= Alexander Boyd (county solicitor) =

American lawyer

Alexander Boyd (September 8, 1834 – March 31, 1870) was notable as the Republican County Solicitor and Register in Chancery of Greene County, Alabama in 1870 during Reconstruction who was murdered by a lynching party of Ku Klux Klan members. He was fatally shot on March 31, 1870, in Eutaw, the county seat. The Klan members intended to hang him in the square in a public lynching, to demonstrate their power during this period and their threat to Republicans.

Boyd fiercely resisted their taking him from his hotel room. In the armed confrontation, he was shot and killed there. As was typical of most Klan attacks, his murderers were never brought to justice. That same night, prominent black Republican James Martin was shot and killed at his home in Union, Alabama, also in Greene County.

==Early life==
Boyd was born in South Carolina, and later lived in Alabama. He was among thousands of Klan victims who were killed or wounded in Alabama and other Southern states during the Reconstruction era. The Klan's primary targets were freedmen and free blacks from the North, but they also attacked and intimidated white Republican officeholders, teachers, and other freedman sympathizers.

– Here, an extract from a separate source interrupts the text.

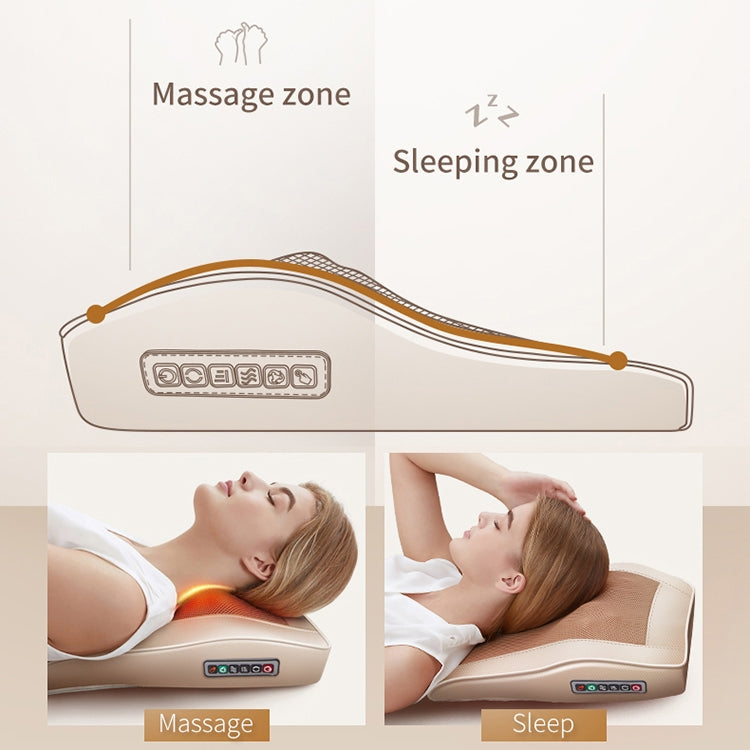 Multifunctional Mini Massage Pillow Neck and Shoulder Cervical Massager, Plug Type:AU Plug(Black) - free shipping - PMC TechLife - Order now!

Similarly, the Greene County Courthouse was burned in 1868, and some suspect it was arson to destroy such records of suits by freedmen against planters.

==Death==
On the night of Boyd's murder, thirty masked, armed, and costumed Klansmen were observed riding into the town square of Eutaw, the county seat of Greene County. A number of the men entered George Cleveland's hotel and demanded to be shown to Boyd's room. Boyd put up unexpected resistance and a gunfight broke out. He was wounded and left the room, and was fatally shot in the hallway. It is believed that he was attacked to prevent prosecution of suits by freedmen against planters. That same night, James Martin, a black Republican prominent in the county, was shot by gunmen near his home in Union, Alabama, who took him away rather than let him be treated; he was never seen again.

==Aftermath==
Reports of the Thursday night murder brought several hundred armed freedmen into Eutaw on Saturday, April 2, 1870, calling for retaliation against the night riders. One member of the mob spoke for all when he said that local Confederates "have never surrendered yet, and the only way to stop this is to burn them out." A store in Eutaw, owned by a prominent white Democrat, was burned a few days after Boyd's murder, and several barns were also reportedly torched over the next month.

In the fall of 1870 before elections, two black politicians were killed in Greene County. An estimated four blacks were killed by whites in the Eutaw riot, which took place in the town square.

President Ulysses S. Grant gained congressional passage of the 1870 Enforcement Acts, intended to authorize the federal government to suppress Klan violence. While the Klan was suppressed, rifle leagues and such insurgent groups as the White League in Louisiana and Red Shirts in Mississippi and the Carolinas developed as other paramilitary insurgent groups.